> _Problem_
The result should be a word-for-word retyping of the entries below, free of pictures.

> _Entries shown_
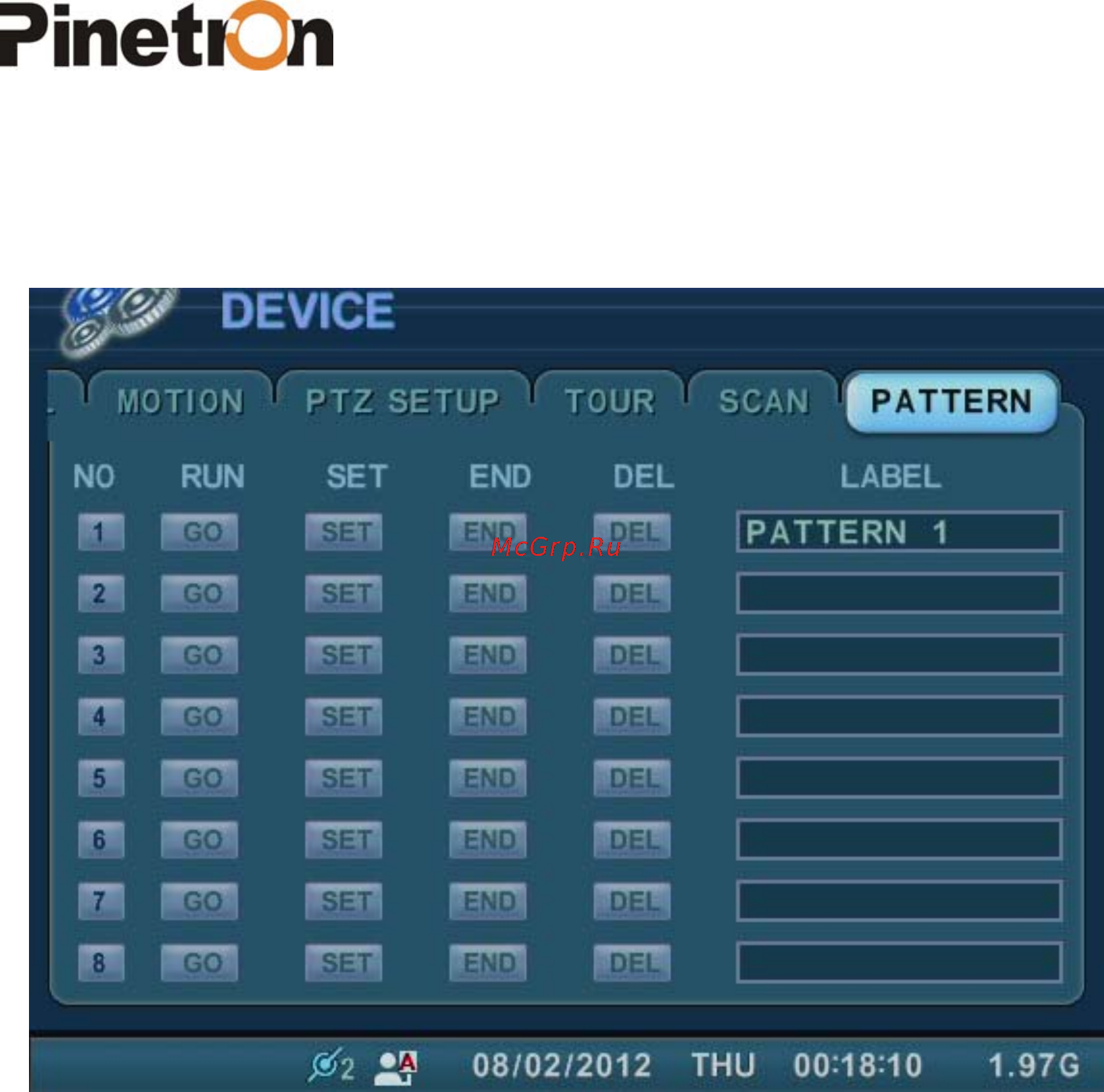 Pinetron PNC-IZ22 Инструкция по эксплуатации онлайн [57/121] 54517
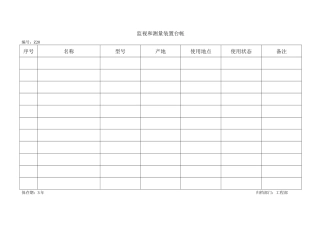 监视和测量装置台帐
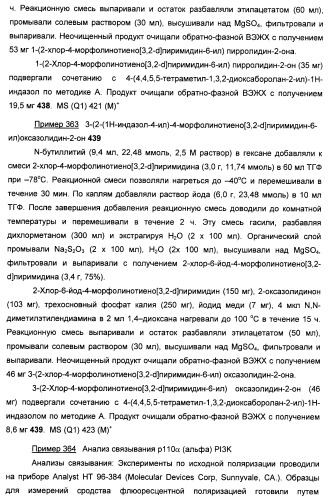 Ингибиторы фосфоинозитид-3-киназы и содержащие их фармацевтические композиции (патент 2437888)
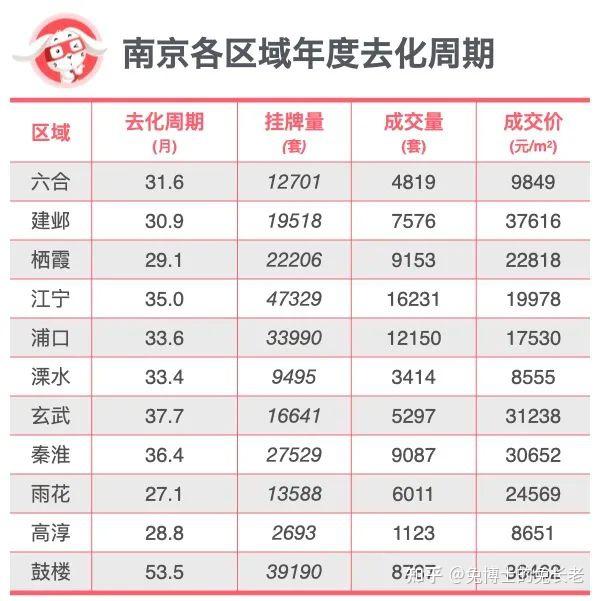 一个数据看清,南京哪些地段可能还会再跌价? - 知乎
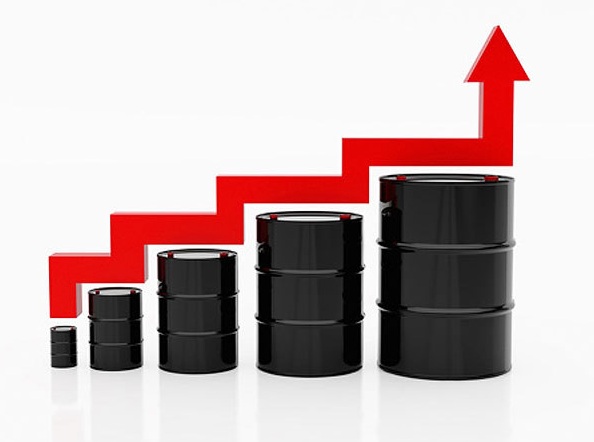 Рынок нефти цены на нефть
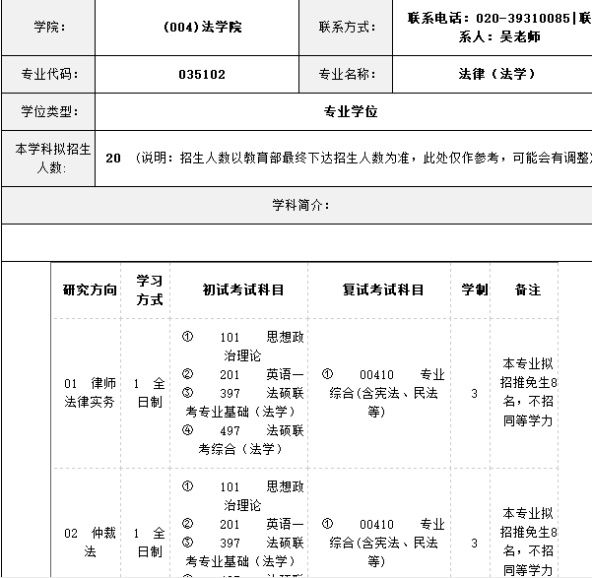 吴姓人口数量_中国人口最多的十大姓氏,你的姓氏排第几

> _Reply_
 Pinetron PNC-IZ22 Инструкция по эксплуатации онлайн [57/121] 54517
 监视和测量装置台帐
 Ингибиторы фосфоинозитид-3-киназы и содержащие их фармацевтические композиции (патент 2437888)
 一个数据看清,南京哪些地段可能还会再跌价? - 知乎
 Рынок нефти цены на нефть
 吴姓人口数量_中国人口最多的十大姓氏,你的姓氏排第几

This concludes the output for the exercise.